Sourav_Naskar - Machine Learning (Level 3) Pathway

Module1

Concise overview of things learned:

Technical area:

  • Understood how to extract raw Medline sentences through PubMed parser

  • Learned about Drug-Target relationships, working of Drugs, Vector Space models, Literature mining by reading prerequisite & supplementary materials given.

  • Read the exact research paper to deep dive into what is to be done

Tools:

Request Library, Pubmed_Parser, nltk , gzip module , Trello

Softskills:

  • Learned to work in teams, divided the whole task into subtasks & then compiled them to complete the task in time.

  • Learned how to use Trello for structuring & managing the project in a easy way.
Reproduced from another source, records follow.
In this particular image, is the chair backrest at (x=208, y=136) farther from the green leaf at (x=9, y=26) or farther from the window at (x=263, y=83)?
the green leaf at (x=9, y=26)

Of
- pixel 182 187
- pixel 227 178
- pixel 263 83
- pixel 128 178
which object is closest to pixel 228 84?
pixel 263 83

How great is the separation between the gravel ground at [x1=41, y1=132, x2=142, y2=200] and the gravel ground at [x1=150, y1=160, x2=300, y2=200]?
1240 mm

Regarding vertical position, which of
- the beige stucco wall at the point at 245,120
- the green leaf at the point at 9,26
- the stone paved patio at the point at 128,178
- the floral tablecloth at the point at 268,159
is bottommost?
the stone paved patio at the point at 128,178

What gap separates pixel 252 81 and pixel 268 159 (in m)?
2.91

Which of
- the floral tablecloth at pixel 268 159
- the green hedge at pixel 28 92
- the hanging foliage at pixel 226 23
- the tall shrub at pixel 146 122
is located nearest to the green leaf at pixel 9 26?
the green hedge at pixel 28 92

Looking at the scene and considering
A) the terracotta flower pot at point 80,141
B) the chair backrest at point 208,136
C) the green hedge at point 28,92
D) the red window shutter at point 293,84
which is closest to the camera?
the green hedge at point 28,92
  • Improved communication skills while interacting with other team members during team meetings & for the very first time worked on Presentation slides for Team wide & Pathway wide Journal Clubs.

Achievement highlights:

  • Presented the research paper called “Literature Mining for Biologists” & some parts of the exact research paper in the team wide journal clubs

  • Presented the result part of the exact research paper to the pathway wide journal club

  • Extracted the raw Medline sentences using pubmed_parser

Detailed Statement of Tasks Completed:

  • For extracting raw Medline text task main motive was to collect all the drug-gene pairs & extract only those sentences which contain atleast a drug-gene pair. I downloaded the drug-gene pairs from Pharmgkb & drug list from Drug-Bank (it took a lot of time to get approval from DrugBank). One of our team members John explained us how to extract .xml files. With that help I used requests module & pubmed_parser for extracting raw data & gzip library for .xml files. Then I created a list of drugs & genes with the data from PharmGKB & Drugbank. It has 17K unique drugs & 20K unique genes. After extracting the raw sentences I used nltk library for tokenization. Then I checked whether the token is present in the drug or gene list ,if present added to the usable_sentences list & stored the data in .tsv format. I was able to extract more than 2000 raw Medline sentences.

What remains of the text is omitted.